What the docs do contain is this remark:
Changed in version 2.3: MersenneTwister replaced Wichmann-Hill as the default generator
So a different RNG was used prior to Python 2.3.
So far, I've been using numpy.random.RandomState for reproducible pseudo-randomness, though it too does not make the formal promise you're after.
If you want full reproducibility, you might want to include a copy of random's source in your program, or hack together a "P²RNG" (pseudo-pseudo-RNG) from hashlib.
Not necessarily.
As described in the documentation, the random module has used the Mersenne twister to generate random numbers since version 2.3, but used Wichmann-Hill before that.
(If a seed is not provided, the method of obtaining the seed also does depend on the operating system, the Python version, and factors such as the system time).
#reubano - 3.2 changed the integer functions in random, to produce more evenly distributed (which inevitably means different) output.
That change was discussed in Issue9025, where the team discuss whether they have an obligation to stick to the previous output, even when it was defective. They conclude that they do not.
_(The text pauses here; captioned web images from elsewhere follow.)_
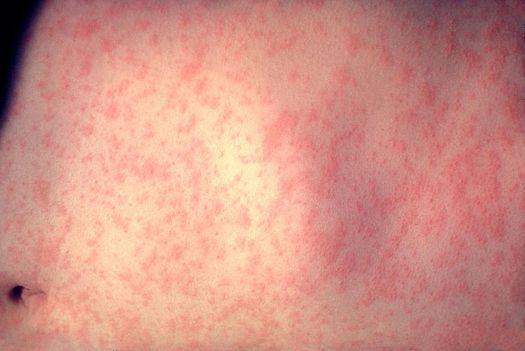 PHOTO: A measles outbreak that began at Disneyland is intensifying the debate over vaccinations. Photo credit: CDC/Dr. Heinz F. Eichenwald.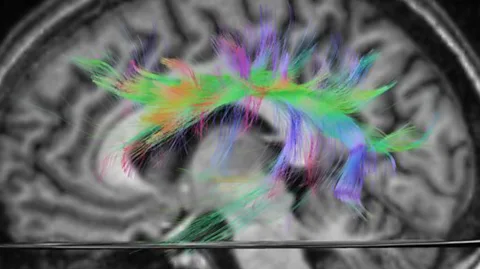 Alamy An MRI scan highlighting the language tract in the brain (Credit: Alamy)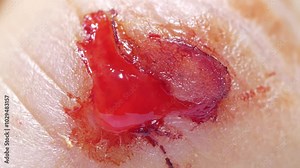 Injury to middle finger of right hand with bleeding. Flayed skin, red blood and lymphatic fluid flows from wound. 4K macro shot zoom-out video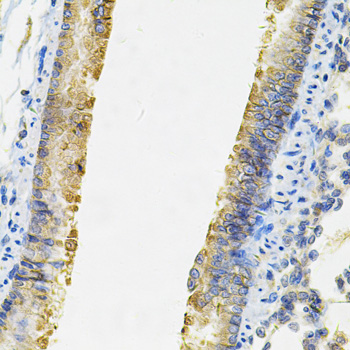 Anti-ACSS2 Antibody (CAB13596)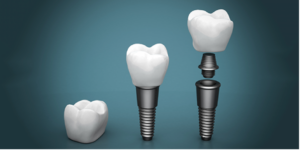 An image of an implant attached to a tooth showing how implants are structured.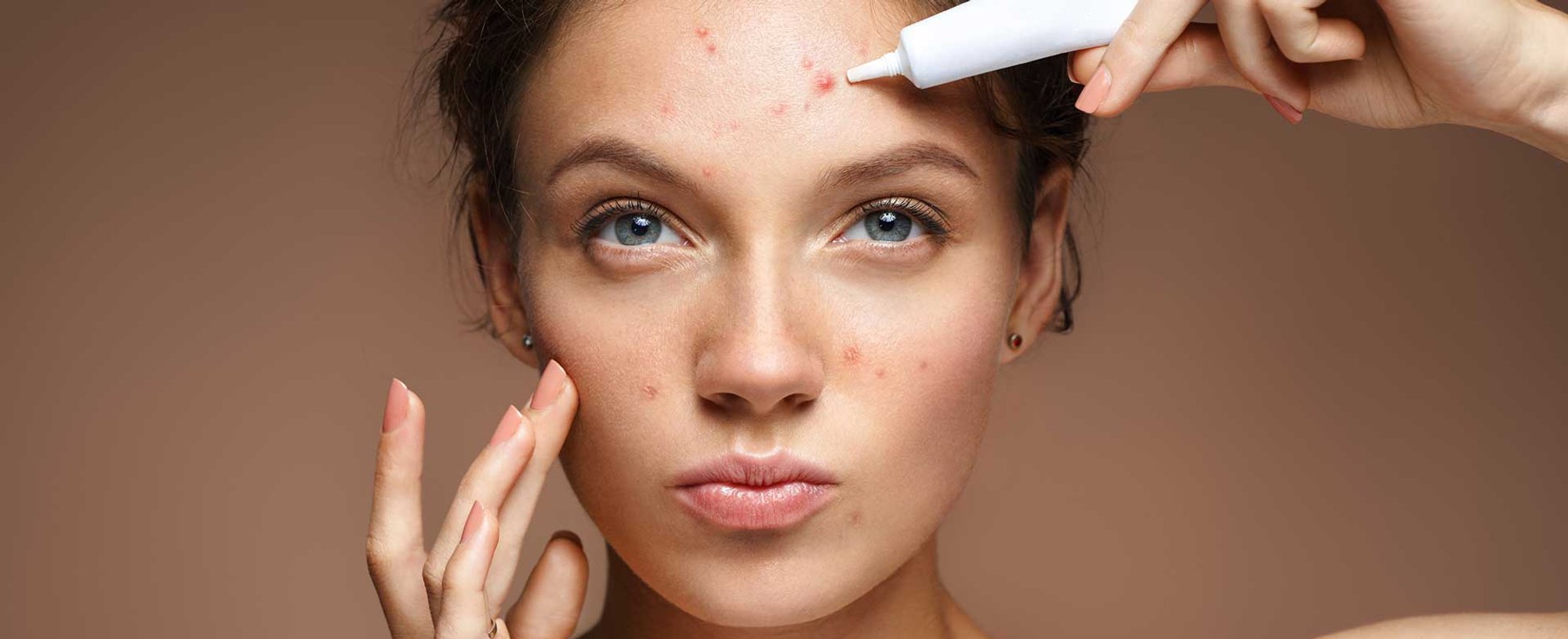 Mulher passando produto para tratar suas espinhas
The docs for the module guarantee consistency for random.random() - one might assume that the functions which call it (like random.randrange()) are implicitly covered under that guarantee, but that doesn't seem to be the case.
Just as a heads up: in addition to the 2.3 change, python 3 gives numbers from python 2.x from randrange and probably other functions, even if the numbers from random.random are similar.
I just found out that there is also a difference between python3.7 and python3.8.
The following code behaves the same
from random import Random
seed = 317
rand = Random(seed)
rand.getrandbits(64)
but if you use from _random import Random instead, it behaves differently.